Photo de l’usine Sotrafib. Crédit : Sabrina Sabourin, 2025.
Après son indépendance en 1956, la Tunisie a adopté un modèle de développement basé sur l’extractivisme, comme de nombreux pays du Sud global, lui permettant de se projeter sur la scène internationale1. Encore aujourd’hui, l’économie tunisienne repose principalement sur l’exportation de ses ressources naturelles et sur la vente de sa main-d’œuvre à bas coût. Ces choix économiques impactent négativement les conditions de travail ainsi que l’état de l’environnement en Tunisie.

Qu’est-ce que l’extractivisme?

L’extractivisme se définit comme étant :

[…] un mode d’accumulation qui a commencé à se développer massivement il y a 500 ans.
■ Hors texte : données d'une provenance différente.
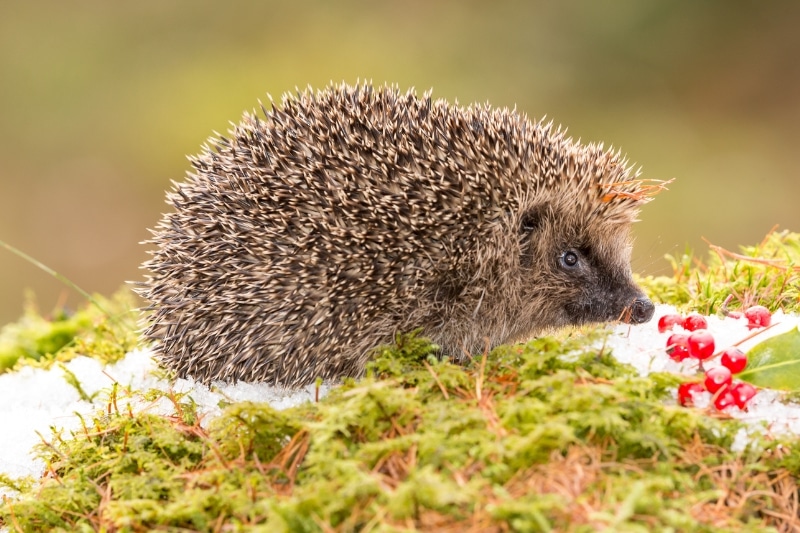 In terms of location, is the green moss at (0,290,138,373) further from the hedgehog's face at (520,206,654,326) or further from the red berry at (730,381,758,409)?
the red berry at (730,381,758,409)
L’économie mondiale – le système capitaliste – a commencé à se structurer avec la conquête et la colonisation des Amériques, de l’Afrique et de l’Asie. Ce mode d’accumulation extractiviste a été déterminé depuis lors par les exigences des centres métropolitains du capitalisme naissant. Certaines régions se sont spécialisées dans l’extraction et la production de matières premières – les produits de base – tandis que d’autres se sont consacrées à la production de biens manufacturés. Les premières exportent la nature, les secondes l’importent2. [Traduction libre]
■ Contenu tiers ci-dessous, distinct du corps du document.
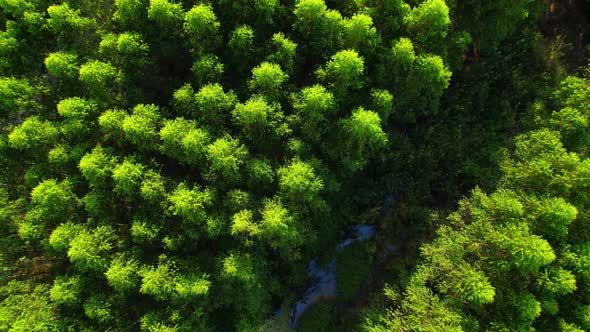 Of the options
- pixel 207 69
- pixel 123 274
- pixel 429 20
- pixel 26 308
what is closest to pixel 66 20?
pixel 207 69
L’ensemble s’inscrit dans un modèle de domination structurel, qualifié de néocolonialisme, dans lequel les dynamiques de dépendance et l’héritage colonial règnent. Le processus « d’accumulation par dépossession »3 permet aux pays du Nord global de non seulement tirer profit des ressources naturelles des pays du Sud, mais aussi de leur force de travail, exploité à bas coûts et dans des conditions inhumaines4. Les pays du Sud global, n’ayant pas bénéficié de la même croissance que celle des pays du Nord, ont donc eu recours à l’extractivisme afin de compétitionner sur le marché international5.

L’extractivisme est un modèle de développement non durable, responsable de la pollution de l’environnement et du déclin de la santé publique. Les pays riches en ressources naturelles font face aux plus gros défis de développement en termes d’inégalités sociales et de défis climatiques. Malgré l’abondance de leurs ressources, ces derniers connaissent un développement lent souvent expliqué par la « malédiction des ressources » ou le « paradoxe de l’abondance »6. Selon certains chercheurs, les pays du Sud global seraient condamnés au sous-développement en raison de la concentration de leurs ressources naturelles, principalement destinées à l’exportation dans le cadre de logiques extractivistes7.
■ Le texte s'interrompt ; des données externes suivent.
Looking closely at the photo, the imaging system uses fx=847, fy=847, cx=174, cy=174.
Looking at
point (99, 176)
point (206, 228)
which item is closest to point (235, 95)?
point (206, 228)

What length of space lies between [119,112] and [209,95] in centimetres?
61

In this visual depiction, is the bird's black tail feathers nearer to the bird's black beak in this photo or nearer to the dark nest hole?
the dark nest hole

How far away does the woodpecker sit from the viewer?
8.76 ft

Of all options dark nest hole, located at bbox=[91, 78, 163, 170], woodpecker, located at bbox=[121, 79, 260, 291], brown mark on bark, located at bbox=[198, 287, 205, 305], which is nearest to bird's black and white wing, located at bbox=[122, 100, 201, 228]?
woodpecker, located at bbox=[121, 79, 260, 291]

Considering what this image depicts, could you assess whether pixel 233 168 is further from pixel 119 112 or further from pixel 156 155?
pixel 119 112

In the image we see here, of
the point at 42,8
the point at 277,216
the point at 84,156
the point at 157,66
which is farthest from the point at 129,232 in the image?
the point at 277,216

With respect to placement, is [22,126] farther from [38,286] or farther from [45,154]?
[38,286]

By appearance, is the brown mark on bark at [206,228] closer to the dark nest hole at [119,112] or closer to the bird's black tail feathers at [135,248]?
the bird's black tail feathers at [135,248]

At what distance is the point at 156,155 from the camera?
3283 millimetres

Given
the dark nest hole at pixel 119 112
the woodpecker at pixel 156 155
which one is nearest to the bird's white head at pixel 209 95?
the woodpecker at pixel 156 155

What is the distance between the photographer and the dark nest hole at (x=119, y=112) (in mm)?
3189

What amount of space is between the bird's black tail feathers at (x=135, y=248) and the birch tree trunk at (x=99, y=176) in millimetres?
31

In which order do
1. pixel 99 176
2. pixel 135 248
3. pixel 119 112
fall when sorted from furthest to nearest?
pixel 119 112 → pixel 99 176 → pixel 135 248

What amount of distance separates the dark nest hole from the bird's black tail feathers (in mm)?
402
Étude de cas : l’industrie du textile en Tunisie

Le secteur du textile est une figure emblématique des problèmes socio-économiques et environnementaux causés par l’extractivisme. Le peuple tunisien subit actuellement les répercussions humaines et écologiques perpétuées par sa dépendance envers le Nord global, donneur d’ordres et hôtes des plus grandes entreprises de vêtements8. En effet, les entreprises en amont dans la chaîne de valeur monopolisent le pouvoir et l’autorité sur les conditions de production auxquels sont assujettis les pays sous-traitant comme la Tunisie9. Le coût-minute, les délais injustes, les contrats infléchis résultent tous de la réduction au maximum des conditions de travail pour favoriser le profit des grandes marques10. Les attentes des pays sous-traitants sont calculées à partir des standards technologiques et professionnels qu’on retrouve dans le Nord global, qui a accès à plus de ressources. Les femmes, qui forment majoritairement la main-d’œuvre de ce secteur, sont sous-payées, licenciées abusivement et engagées sous des contrats à durée déterminée, les privant donc d’une couverture sociale11. Les usines de ces grandes entreprises sont caractérisées par des conditions de travail indécentes comme un nombre insuffisant de toilettes, le refus de pause, la fermeture sans préavis et des salaires très bas12. Ces conditions ne permettent pas aux ouvriers et ouvrières d’accumuler du profit.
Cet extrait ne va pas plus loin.